なにやら邪悪な笑みを浮かべたルナは、それらの髪の毛をどこからともなく取り出した木彫りの人形に巻きつける。ルナは彫刻の才能はないらしく、その人形はどうにも不細工だが、その造詣の悪さがまた気味が悪い。

「そ、それはなにかな、ルナ?」

「最近、呪い関係にも凝っててね〜。逃げ出したら、すぐに発動させるから、覚えときなさい」

その呪いがどんな効果を持っているのか、非常に気になるが、ライルは聞くことはしなかった。なんでって、恐ろしすぎる。

「了解……」

ライルは力なく、そう答えるしかなかった。

 

 

 

 

 

 

 

「あ、ライル。……どしたの、憔悴して」

「ああ、マリアか。店の方、大丈夫?」

なんとか鎖を外してもらって、部屋から出たライルはマリアに遭遇した。

呪いとかなんとか全部無視してでも逃げちゃおっかなぁ、と悩んでいたところだったが、それをおくびにも出さない。そういう処世術ばかりうまくなっていく自分に、ちょっと嫌気がさしているライルだった。

「ああ、祭りが近いせいで、客も増えたからね〜。ま、平気よ。一番混むのはあと何時間かしてからだし」

「やっぱり僕も手伝ったほうが……」

「駄目よ。アンタは商品なんだから、その商品に手伝ってもらったら私が卑怯者って事になっちゃうじゃない」

「……いや、勝負は露店になったんだから、まったく関係ないと思うんだけど」

「ライルが入ったら、うちはその分余裕が出来るでしょうが。……まあ、アンタがうちに勝って欲しいって言うなら、謹んで手伝いを頼むけど?」

そんなことはできるはずがない。んなことしたら、ルナとミルティからどんな事を言われるか。いや、文句言われるだけならまだしも、ルナの呪いとやらが発動する危険性もある。

「……いや、僕は中立の立場を取っておく」

「それはそれで不満なんだけど……ま、いいわ。今から休憩なんだけど、お茶くらい付き合わない?」

「あ、うん。それは喜んで」

本当はトイレに行くと言って出てきたのだから、あまり遅くなるわけにもいかないのだが、喉が渇いていたで受けることにする。
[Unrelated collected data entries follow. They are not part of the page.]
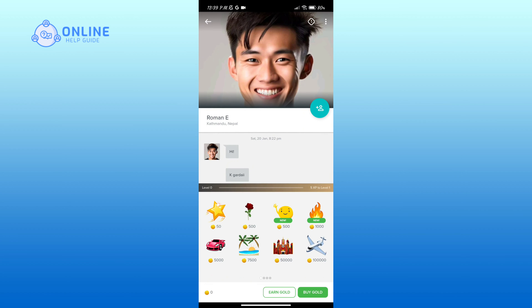Keep in mind that you must have some amount of gold in order to send gifts. Now tap on the gift that you would like to send. And that is how you can send gifts to someone on High Five.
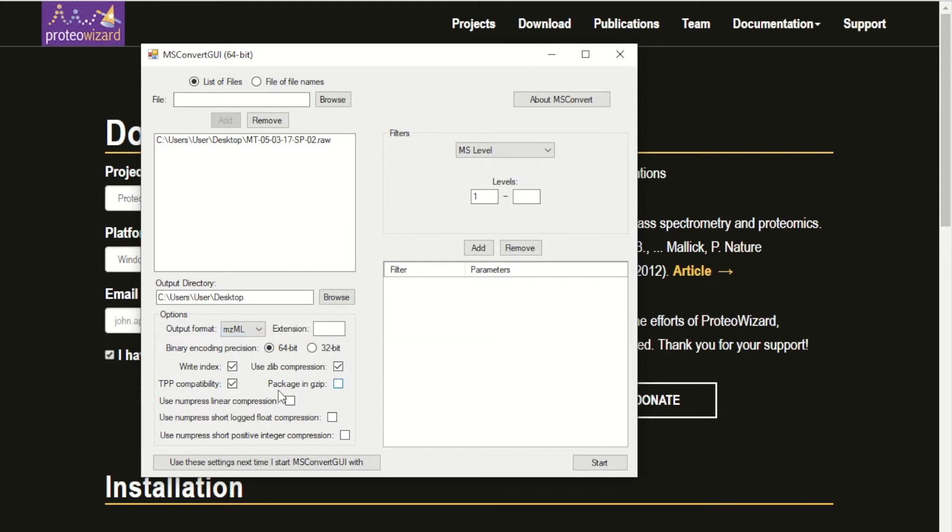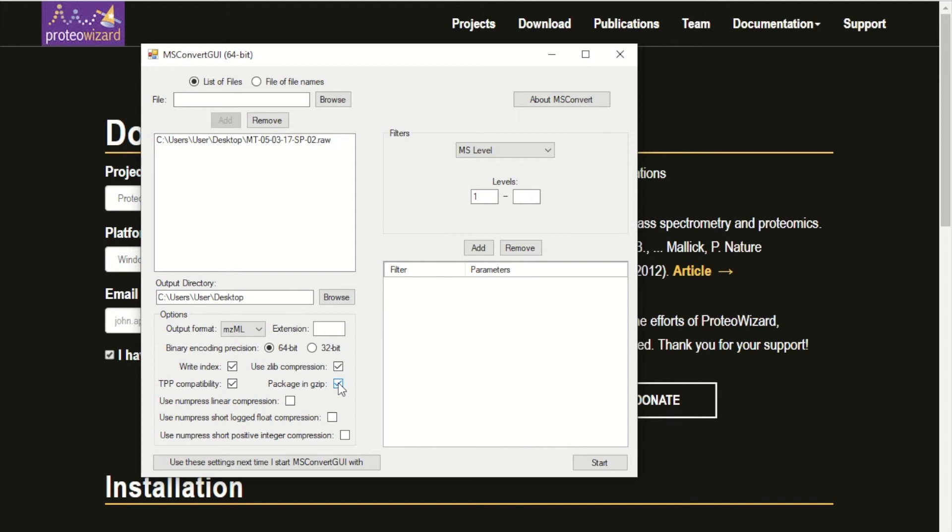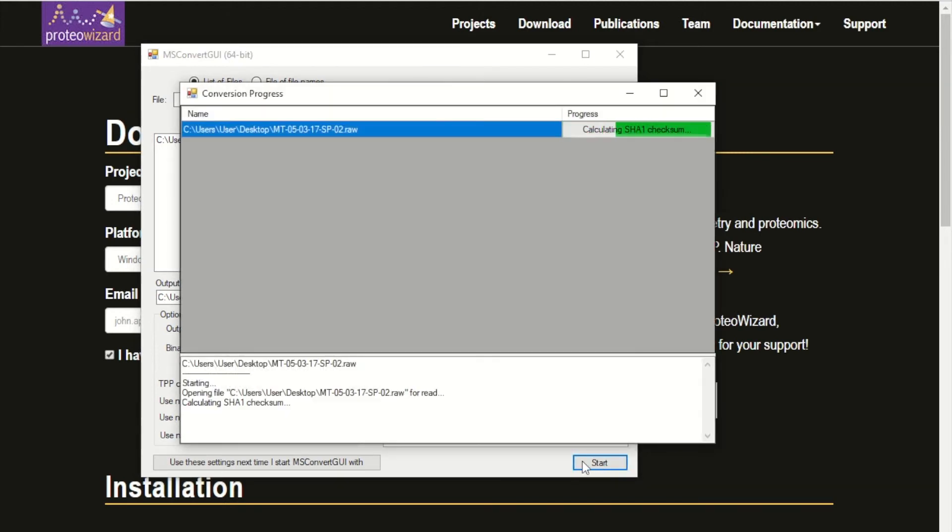You also want to make sure the other boxes are checked, and one more that is 'package in gzip.' Check that box and press start.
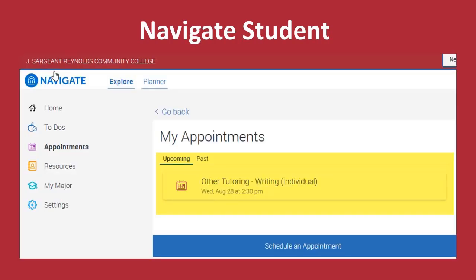Upcoming appointments will now appear in your My Appointments section on your Navigate Student Home page.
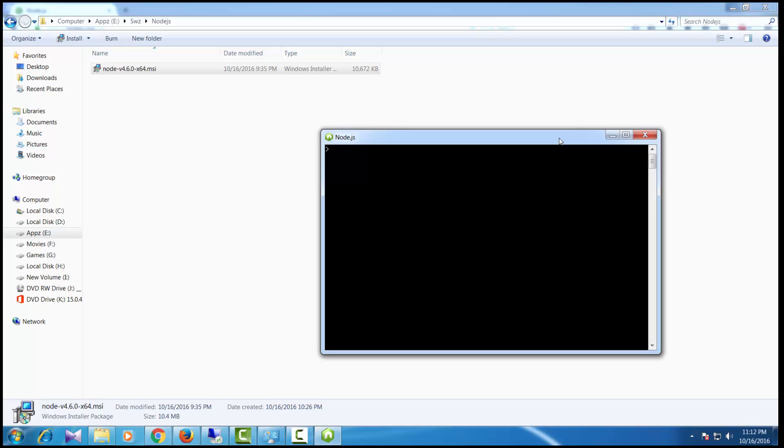I'm going to write console.log('hello world'), and as you can see, it is printing hello world properly.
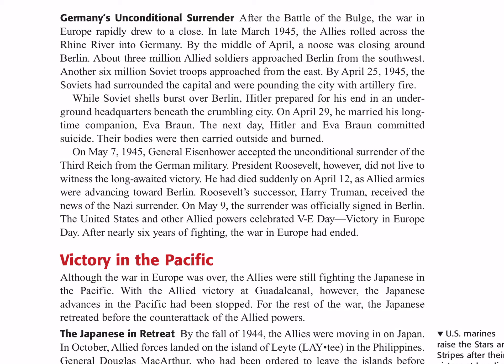Germany's Unconditional Surrender. After the Battle of the Bulge, the war in Europe rapidly drew to a close. In late March of 1945, the Allies rolled across the Rhine River into Germany. By the middle of April, a noose was closing around Berlin. About three million Allied soldiers approached Berlin from the southwest, and another six million Soviet troops approached from the east. By April 25th of 1945, the Soviets had surrounded the capital and were pounding the city with artillery fire. While Soviet shells burst over Berlin, Hitler prepared for his end in an underground headquarters. On April 29th, he married his longtime companion, Eva Braun. The next day, Hitler and Eva Braun committed suicide, and their bodies were carried out and burned.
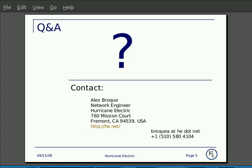If you have any questions or comments, please feel free to send them to ipv6.hu.net.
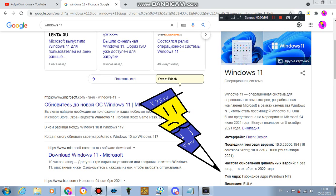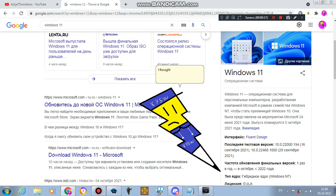Sweet British Siblings. Windows 11 is released early. I thought it was going to be released at the end of 2021.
大体、あまりルナの傍にいて怒りを再燃されても困る。そもそも、ルナはライルが勝手に旅に出たのを怒っていたのだが、今はマリアとミルティに対する怒りが勝っているようだ。自分が近くにいたら、怒りを思い出してしまうかもしれない。

極めて高度な政治的判断だよな、などと小賢しい自分を褒め称えながらマリアについて行く。

と言っても、マリアの部屋はすぐ向かいだ。いくらも歩かないうちに部屋に招かれる。

一度、酔い潰れたマリアを運び込んで入ったときも思ったが、やはり他の部屋とは構造が違う。元々は他の部屋と一緒だったのを、後から無理矢理改造したようだ。壁を崩して二部屋を一つの部屋にし、キッチンとバスルームを増設している。

「適当に座ってて」

棚から紅茶の葉っぱやポットなどを取り出しつつ、マリアがライルに言った。

適当に、と言われても、テーブルには椅子は一脚しか置いていない。ここに座るしかないだろう。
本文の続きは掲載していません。